The Plain-English Difference
A consumer proposal is an offer to repay part of what you owe, extend the time to pay, or both. It is administered by a Licensed Insolvency Trustee and, according to the Office of the Superintendent of Bankruptcy, cannot last more than five years.
Bankruptcy is a more severe formal process that can release a person from many debts, but it may involve surrendering certain assets, making surplus income payments, and accepting stronger credit consequences.
Timeline Reality
A consumer proposal can run for months or years, up to the five-year limit. Bankruptcy may be shorter for a first-time bankrupt with no surplus income; OSB guidance says an automatic discharge may happen after nine months. If surplus income applies, a first bankruptcy can extend to 21 months.
What People Often Miss
- Both options become part of public insolvency records.

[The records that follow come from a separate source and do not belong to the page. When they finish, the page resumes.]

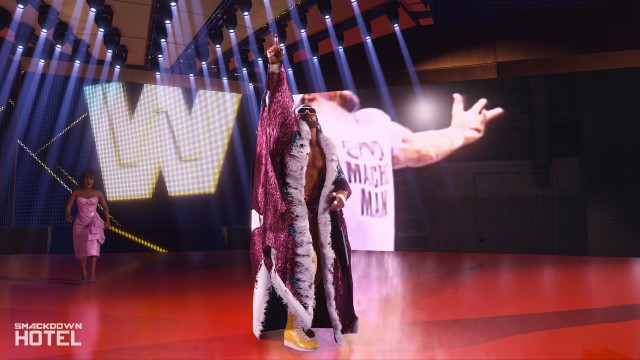 wwe 2k24 randy savage miss elizabeth wwe 2k24 randy savage miss elizabeth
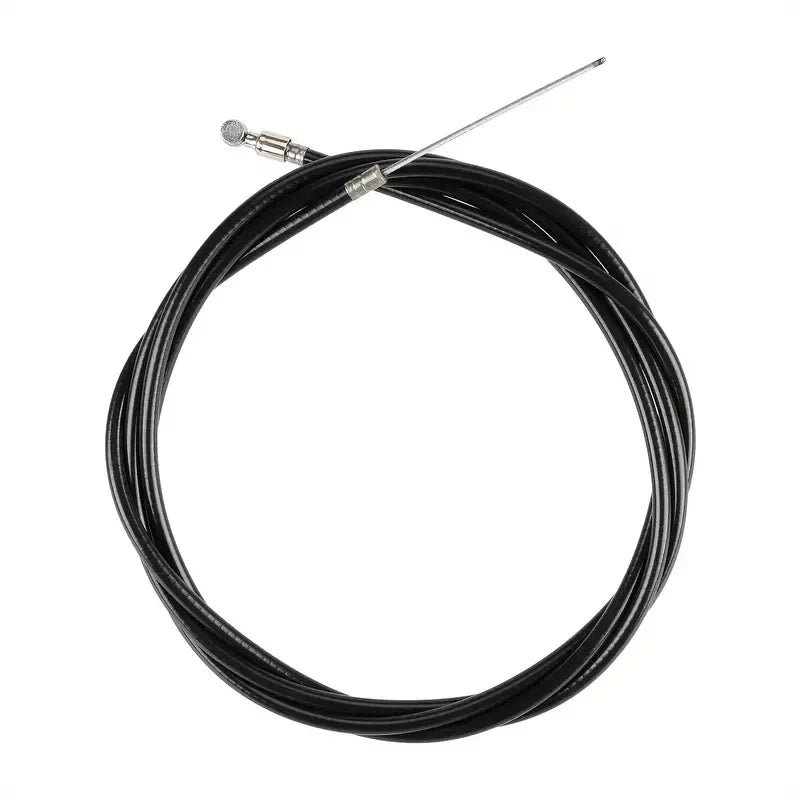 Brake cable with sheath - replacement part for electric scooters and bikes.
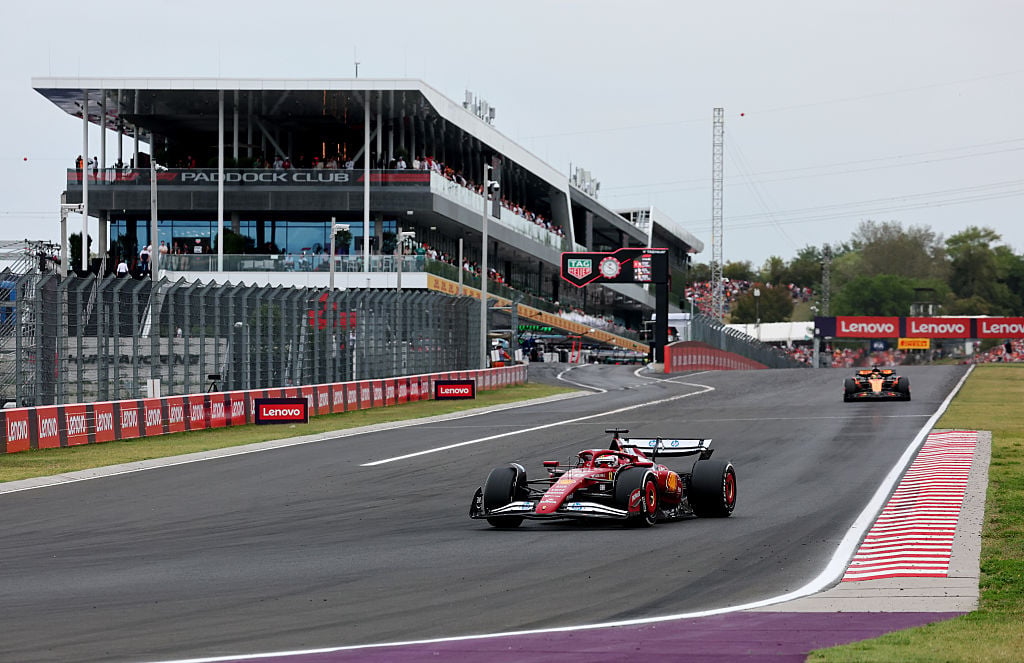 Hungaroring a fost redeschis. Circuitul de Formula 1 din Ungaria a trecut prin cea mai mare renovare din istoria sa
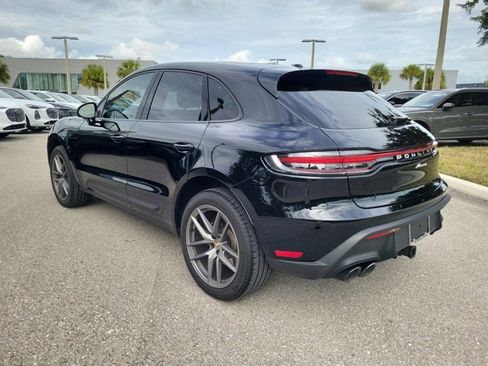 Used 2024 Porsche Macan Turbo image 5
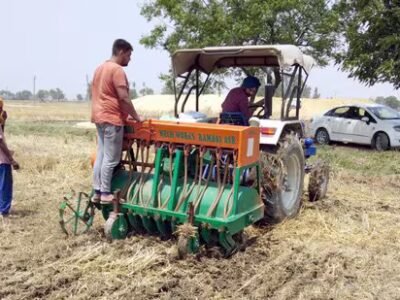 ਪੰਜਾਬ ਨੇ CAQM ਨੂੰ ਦੱਸਿਆ ਲਗਭਗ 25% ਫਸਲਾਂ ਦੀ ਰਹਿੰਦ-ਖੂੰਹਦ ਮਸ਼ੀਨਾਂ ਹੁਣ ਬੇਕਾਰ ਹਨ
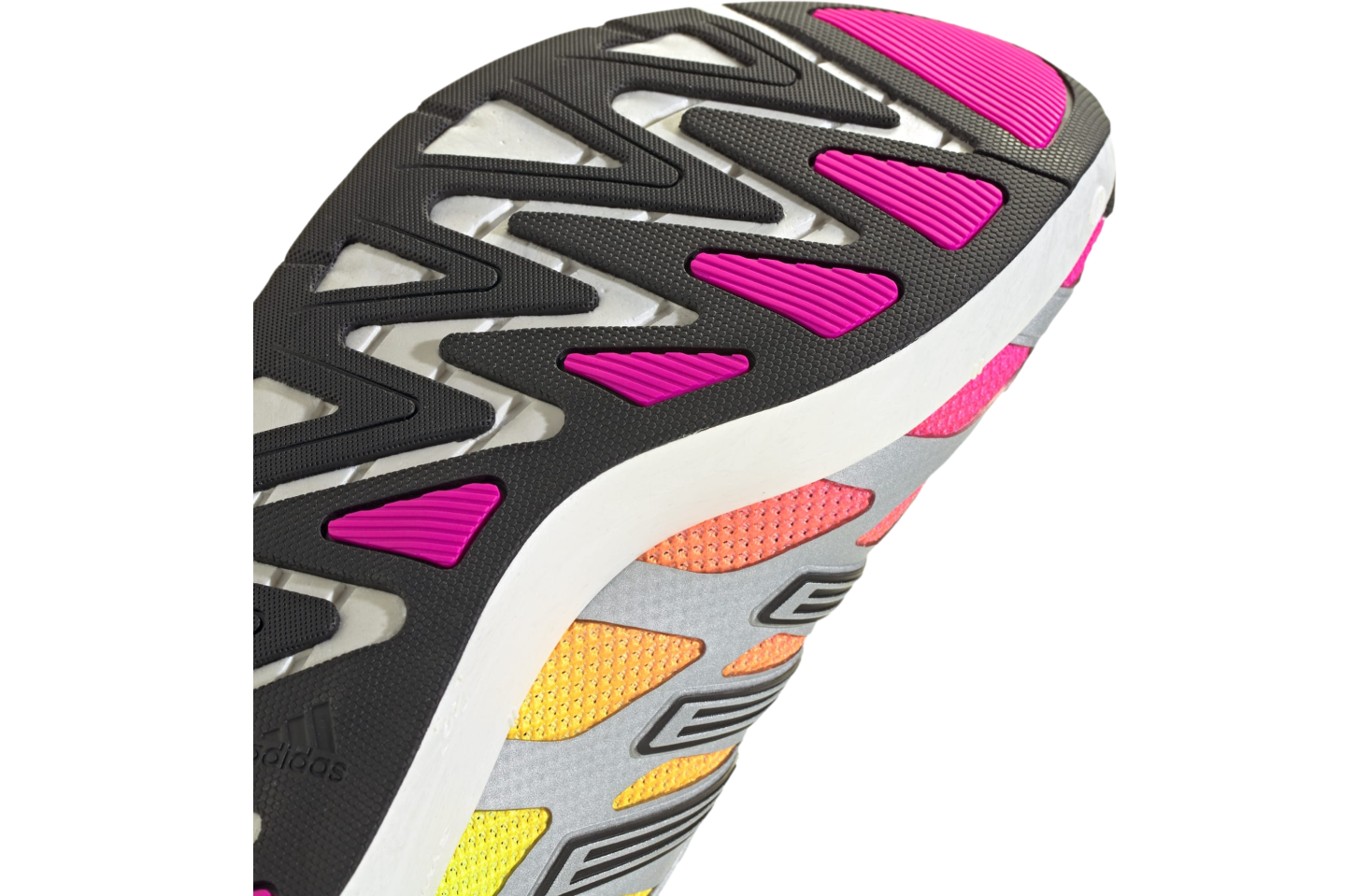 Adidas Adizero Aruku WMNS Shock Pink / Solar Yellow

- Both should be discussed with a Licensed Insolvency Trustee.
- A proposal can fail if payments are missed.
- Bankruptcy discharge timing can depend on surplus income and whether it is a first or second bankruptcy.
- Some debts may survive bankruptcy, including certain support obligations, fines, fraud-related debts, and recent student loans.
Where to Verify
Start with official Canadian information from the Office of the Superintendent of Bankruptcy, including its pages on consumer proposals and bankruptcy.